Dustin's getting stuff ready for a show tonight. Headed to a beverage oasis in Sevierville, TN to see what sells best. He's one of the best conversationalists I've met on this leg of my journey.
Really exuberant energy. He dug out a Viking blade for me to check out. It's not ready yet and has a duskycharcoalish type film on it. I dig the weight of it and can see choosing it as my one tool for an into-the-woods-sojourn from glamping and car camping.
We easily fall into talking about getting ready for holidays. Artisans and crafters have instincts about yearly schedules like farmers. In this area of Tennessee where mountain meets farmland people are always tending to multiple projects.
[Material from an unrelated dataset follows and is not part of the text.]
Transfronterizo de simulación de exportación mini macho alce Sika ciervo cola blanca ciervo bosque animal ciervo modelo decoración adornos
Even when we find ourselves away from home and studio...we're thinking about that hot pepper, or being inspired by the shapes and sounds of nature and others' inventions.
Next door Don's striping the edges of leather belts. He's been here building up his mountain arts practice--Smokies' Edge--for many, many years. In his early twenties he'd bicycled through the many states of the New England region. While we're talking a visitor from Ohio stops in and the conversation touches upon the Wright Brothers and the Outer Banks' Kitty Hawk. The Chimney Swifts nestling in the chimney don't rouse the cat. I look over handmade arrowheads. And post Don's picture sporting the shop here, buy local logo.
Don,
Owner of
Smokies' Edge
for 40 years!
I'm making way to a British watering hole in my 13th annual British Car Show tee from Historic Rugby, Tenn.
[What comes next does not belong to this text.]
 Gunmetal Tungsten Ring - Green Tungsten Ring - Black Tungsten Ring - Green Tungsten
At Two Ravens Tool & Craft I check in with Brooke Mitchell. She and her husband Alan, started their craft loop shop in October of '22. She shows me what they carry, like: handmade jewelry by Brooke; "My husband does the woodturning," she says.
I have to ask, "And what is woodturning?" She explains it has to do with using the wood lathe to sculpt wood. The store has local cherry bowls at this time. As shopowners Brooke & Alan are ever balancing issues like keeping inventory on the shelves and pricing items for the particular market of Smoky Mountain Tourism.
I ask how they're feeling about being here. Alan's stopped in for a break from landscaping. Brooke shares that there's "a bit of a learning curve but coming up on our second year, we're feeling pretty good."
"We love the mountains that's why we're here," Brooke says. "Well," Alan says, "The fishing could be better." "He gets tired of trout fishing," Brooke laughs. Alan says he likes "Bass and Catfish fishing best, but it's too far to drive." Alan likes a challenge but Brook explains, "We rarely close the shop."
Down the road apiece the Hungry Bear BBQ's picnic tables are getting sunbathed in the mounting Tennessee summer sun. The cooking smells mingle with an occasional breeze that helps weather a dumptruck-size woodpile. It's a Crow that squawks on pole-and-line. But I have no idea what's being said.